There is little national awareness about the Panthi dance of Chhattisgarh, rues Milap Das Banjare, who performed at the recently-concluded Sirpur National Dance and Music Festival.

Sirpur, a little more than an hour’s drive from Raipur, is now beginning to be known for its Buddhist excavations. Buddhist viharas have been discovered, as has been a market, arguably the biggest in the world at that time. Nagarjuna is said to have meditated here too. While all the focus has been on the Buddhist discoveries, the little known township threw another surprise at the second edition of the Sirpur National Dance and Music Festival. Big names like the Wadali Brothers and Shubha Mudgal helped attract the multitudes; but the star of the show was undoubtedly a troupe of Chhattisgarh’s very own Panthi dancers. Headed by Milap Das Banjare, the group paid homage to their guru with an energetic presentation that blended the physical with the spiritual.

The troupe of 15 men, in the age group of 28 to 55, performed Panthi geet. The songs, sung robustly by Milap himself with limited accompaniment of instrumental music, talked not just of their guru but also the value of truth and how, if everybody followed the path of truth, there would be no malice, no suffering. Universal peace through the path of truth. Then there was the message of the human being’s mere mortal status. “Man is made of clay. He is mortal. Why not then dedicate this life to one formless God,” went Milap’s song. It could not have been more appropriate for a place seeking to revive the message of Gautam Buddha.

Panthi dance is performed by the Satnami community; the panth itself was founded by Guru Ghasidas who believed in one formless God or Satnam and expressed his devotion through songs.

Such was the brilliance of Milap’s group in their exclusive performance that when they turned up for a smaller part in the “Atulya Bharat” rendition, the focus was largely on them. They departed to a standing ovation from the crowd, surprising many who had reservations about a local dance form finding acceptance at a festival labelled national.

However, for all the 15 minutes of fame, the life of Panthi dancers is far from comfortable. They cannot even manage to eke out a living from their challenging art; many of the group members have blue collar jobs, others are agricultural labourers. Some do have jobs in the services sector but even they are not well paid as they are usually semi-skilled or unskilled. All this hunt for a living deprives the group of precious time for riyaaz. “We hardly get to practice as a group. Yes, all of us do something in smaller groups of 3-4 but it is difficult to bring the team together on a regular basis for rehearsal as everybody has to earn a living through some job or the other. One does not get leave easily for rehearsal,” says Milap, adding, “I learnt the dance from my guru when I was very small, not more than five or seven years old. Initially, my guru Dukalu Ram, now 80, did not permit me to perform in public. Then when I came of age, he gave me my janeo and dhoti. Now I have been performing for 24 years. Our is the biggest troupe in Chhattisgarh.”

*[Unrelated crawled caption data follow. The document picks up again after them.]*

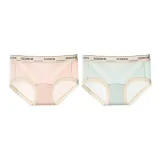 2 пачки - зеленый + светло-розовый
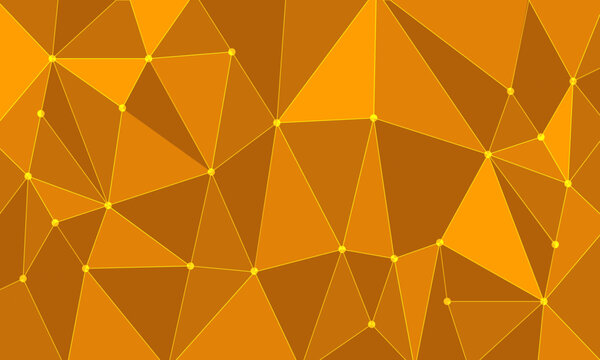 Bright background of orange polygons with a contour.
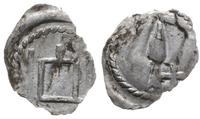 denar przed 1401, Aw: Kolumny Gedymina, Rw: grot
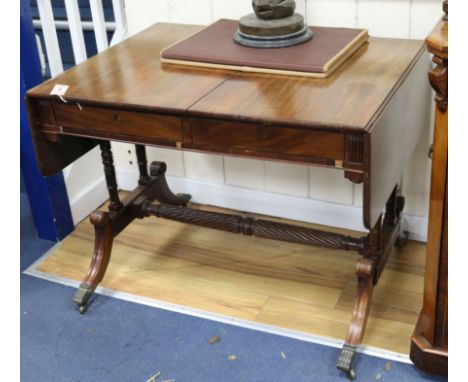 A Regency mahogany sofa table W.94cm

Milap and his companions have been performing across the State for many years, and indeed in other parts of the country. “In big places people do not know about our art. They dismiss it as only folk song. Our dance is based on song but it has its own rhythm. It has its own rich history. Can you have a dance form without tradition? Still, people are not so aware of Panthi dance. And when there is little awareness there is little money. As a group leader, the last time I went abroad was more than 25 years ago to Russia. Since then we have been neglected. Delhi wants us only on Republic Day as if we are performers from some other place.”

He rues that the priorities of the patrons are misplaced. “An individual classical dancer can make lakhs through a single performance but we are paid a paltry sum. From here, we are going to Kharagpur but we only travel by train. Even for the group to gather for any outstation assignment, some guys come on bicycles, some do have (motor) bikes. Many hitch rides. Some walk down for a few kilometres. We do so simply because we love the art and want it to continue after us as well.”

To take the art form further, Milap teaches kids between 10 and 12 years of age. “We cannot take the art with us to the grave. We have to teach others. That is the only way, art is perpetuated. Unfortunately, while children show a lot of enthusiasm when they are small, they take to other vocations to earn a living when they grow up. The Panthi dance is not sufficient to sustain oneself. Everybody wants to grow.”

Even as his group members look on admiringly — many hail from the same family and village near Bhilai — Milap asks me to sing with him. I hesitate, then join in. He is clearly in love with his art.